◆ **Requirement**
The entries below contain a line with "Here's the grain." and a line with "Hey guys, ApprovalPowerSports.com". Retype exactly everything from the first down to the second, both included, and nothing else.

◆ **Working data**
--- START ---

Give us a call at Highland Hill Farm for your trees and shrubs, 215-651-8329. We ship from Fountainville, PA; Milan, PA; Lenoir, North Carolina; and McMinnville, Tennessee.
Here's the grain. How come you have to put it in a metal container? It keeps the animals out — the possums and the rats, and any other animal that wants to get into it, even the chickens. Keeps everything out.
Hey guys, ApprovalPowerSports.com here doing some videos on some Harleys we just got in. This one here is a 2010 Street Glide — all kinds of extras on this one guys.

--- END ---
--- START ---

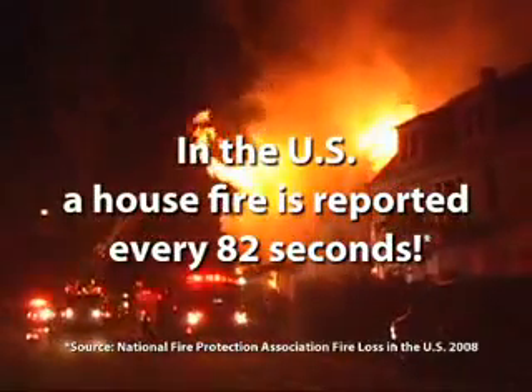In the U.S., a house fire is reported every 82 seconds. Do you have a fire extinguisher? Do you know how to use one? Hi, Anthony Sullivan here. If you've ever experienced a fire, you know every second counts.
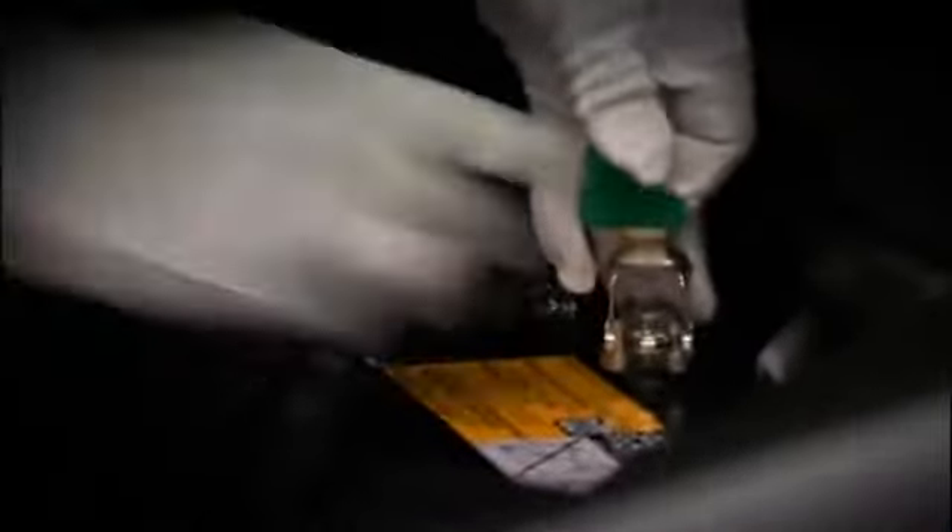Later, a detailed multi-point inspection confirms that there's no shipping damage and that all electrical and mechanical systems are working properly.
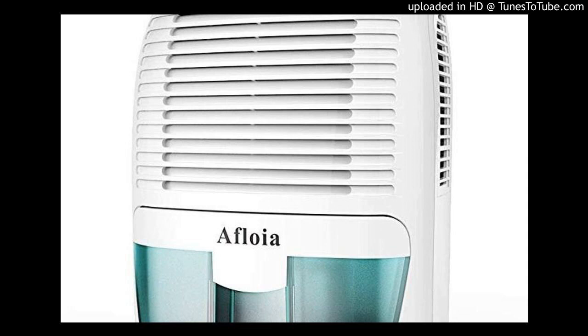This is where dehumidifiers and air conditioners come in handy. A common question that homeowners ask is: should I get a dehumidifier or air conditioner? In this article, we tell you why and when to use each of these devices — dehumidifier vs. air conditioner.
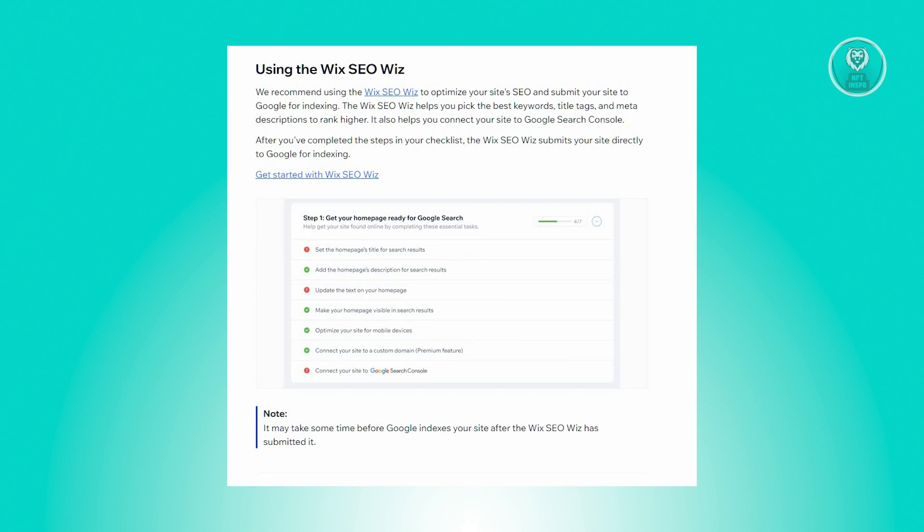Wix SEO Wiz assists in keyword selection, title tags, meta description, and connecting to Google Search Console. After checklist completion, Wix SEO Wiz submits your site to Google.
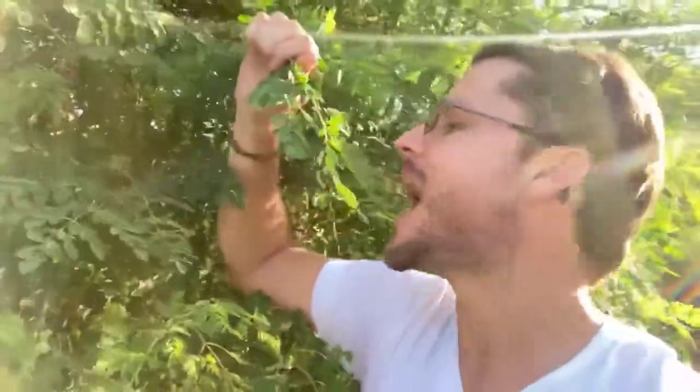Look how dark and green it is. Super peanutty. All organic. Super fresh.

--- END ---

◆ **Solved problem**
Here's the grain. How come you have to put it in a metal container? It keeps the animals out — the possums and the rats, and any other animal that wants to get into it, even the chickens. Keeps everything out.
Hey guys, ApprovalPowerSports.com here doing some videos on some Harleys we just got in. This one here is a 2010 Street Glide — all kinds of extras on this one guys.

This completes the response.